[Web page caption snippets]
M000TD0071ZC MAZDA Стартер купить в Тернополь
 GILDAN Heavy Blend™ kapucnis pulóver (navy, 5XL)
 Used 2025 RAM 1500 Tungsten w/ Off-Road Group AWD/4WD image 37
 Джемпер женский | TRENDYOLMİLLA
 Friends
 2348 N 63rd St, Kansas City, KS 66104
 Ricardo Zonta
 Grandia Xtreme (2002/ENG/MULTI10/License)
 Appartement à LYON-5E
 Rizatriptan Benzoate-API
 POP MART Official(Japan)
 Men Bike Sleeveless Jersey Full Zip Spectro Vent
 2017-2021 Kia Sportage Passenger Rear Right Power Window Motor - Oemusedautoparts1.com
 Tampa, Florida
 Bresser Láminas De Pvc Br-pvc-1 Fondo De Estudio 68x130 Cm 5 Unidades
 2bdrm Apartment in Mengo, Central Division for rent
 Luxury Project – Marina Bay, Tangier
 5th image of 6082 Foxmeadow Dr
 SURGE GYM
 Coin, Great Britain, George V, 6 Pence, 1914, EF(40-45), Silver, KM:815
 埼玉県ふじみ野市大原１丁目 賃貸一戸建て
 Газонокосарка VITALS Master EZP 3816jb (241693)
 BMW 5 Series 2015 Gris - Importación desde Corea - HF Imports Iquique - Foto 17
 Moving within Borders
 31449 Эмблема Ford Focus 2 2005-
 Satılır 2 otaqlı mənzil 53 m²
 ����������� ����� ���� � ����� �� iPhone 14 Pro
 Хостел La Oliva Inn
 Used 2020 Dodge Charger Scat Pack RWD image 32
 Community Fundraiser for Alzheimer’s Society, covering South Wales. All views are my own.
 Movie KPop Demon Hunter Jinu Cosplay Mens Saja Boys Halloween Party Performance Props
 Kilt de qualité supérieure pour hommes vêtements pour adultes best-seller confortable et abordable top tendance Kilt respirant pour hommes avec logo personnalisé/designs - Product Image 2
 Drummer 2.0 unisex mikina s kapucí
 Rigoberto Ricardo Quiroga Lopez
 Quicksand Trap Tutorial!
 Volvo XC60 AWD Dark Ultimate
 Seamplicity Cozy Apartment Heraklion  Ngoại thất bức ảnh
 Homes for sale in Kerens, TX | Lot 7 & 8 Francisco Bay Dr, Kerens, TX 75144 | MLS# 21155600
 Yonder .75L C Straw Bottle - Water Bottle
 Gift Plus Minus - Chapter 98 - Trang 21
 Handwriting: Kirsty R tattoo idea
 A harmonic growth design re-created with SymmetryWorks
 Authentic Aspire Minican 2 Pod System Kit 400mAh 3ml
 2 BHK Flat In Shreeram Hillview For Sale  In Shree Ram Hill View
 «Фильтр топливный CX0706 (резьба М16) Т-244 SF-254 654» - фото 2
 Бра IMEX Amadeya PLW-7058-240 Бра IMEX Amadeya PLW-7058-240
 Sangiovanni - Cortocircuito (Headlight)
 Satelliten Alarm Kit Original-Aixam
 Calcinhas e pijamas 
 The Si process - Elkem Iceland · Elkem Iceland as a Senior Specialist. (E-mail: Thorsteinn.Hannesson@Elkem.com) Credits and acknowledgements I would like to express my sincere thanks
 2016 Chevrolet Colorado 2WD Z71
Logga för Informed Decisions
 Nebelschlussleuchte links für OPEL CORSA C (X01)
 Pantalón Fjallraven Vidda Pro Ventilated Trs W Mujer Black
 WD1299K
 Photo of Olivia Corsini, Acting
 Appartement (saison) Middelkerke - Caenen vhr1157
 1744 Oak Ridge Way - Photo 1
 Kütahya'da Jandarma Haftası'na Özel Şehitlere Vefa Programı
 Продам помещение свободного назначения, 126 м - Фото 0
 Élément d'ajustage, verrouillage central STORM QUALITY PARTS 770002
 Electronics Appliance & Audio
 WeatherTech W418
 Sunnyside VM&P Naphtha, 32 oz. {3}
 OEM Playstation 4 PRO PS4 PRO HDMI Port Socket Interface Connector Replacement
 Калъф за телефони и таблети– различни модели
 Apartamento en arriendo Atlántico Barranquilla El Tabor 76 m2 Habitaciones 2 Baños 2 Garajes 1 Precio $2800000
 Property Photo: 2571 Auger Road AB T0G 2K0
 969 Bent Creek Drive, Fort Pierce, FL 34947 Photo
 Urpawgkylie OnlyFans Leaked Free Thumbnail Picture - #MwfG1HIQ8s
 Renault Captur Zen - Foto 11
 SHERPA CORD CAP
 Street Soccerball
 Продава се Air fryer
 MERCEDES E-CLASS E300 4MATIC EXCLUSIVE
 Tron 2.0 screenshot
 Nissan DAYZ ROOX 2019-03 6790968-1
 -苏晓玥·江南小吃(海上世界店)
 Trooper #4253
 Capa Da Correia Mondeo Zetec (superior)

Task statement >>
Using the records above, set down exactly the lines from the one with "Bresser Láminas De" through the one with "Kilt de qualité", inclusive, and nothing more.

Answer >>
 Bresser Láminas De Pvc Br-pvc-1 Fondo De Estudio 68x130 Cm 5 Unidades
 2bdrm Apartment in Mengo, Central Division for rent
 Luxury Project – Marina Bay, Tangier
 5th image of 6082 Foxmeadow Dr
 SURGE GYM
 Coin, Great Britain, George V, 6 Pence, 1914, EF(40-45), Silver, KM:815
 埼玉県ふじみ野市大原１丁目 賃貸一戸建て
 Газонокосарка VITALS Master EZP 3816jb (241693)
 BMW 5 Series 2015 Gris - Importación desde Corea - HF Imports Iquique - Foto 17
 Moving within Borders
 31449 Эмблема Ford Focus 2 2005-
 Satılır 2 otaqlı mənzil 53 m²
 ����������� ����� ���� � ����� �� iPhone 14 Pro
 Хостел La Oliva Inn
 Used 2020 Dodge Charger Scat Pack RWD image 32
 Community Fundraiser for Alzheimer’s Society, covering South Wales. All views are my own.
 Movie KPop Demon Hunter Jinu Cosplay Mens Saja Boys Halloween Party Performance Props
 Kilt de qualité supérieure pour hommes vêtements pour adultes best-seller confortable et abordable top tendance Kilt respirant pour hommes avec logo personnalisé/designs - Product Image 2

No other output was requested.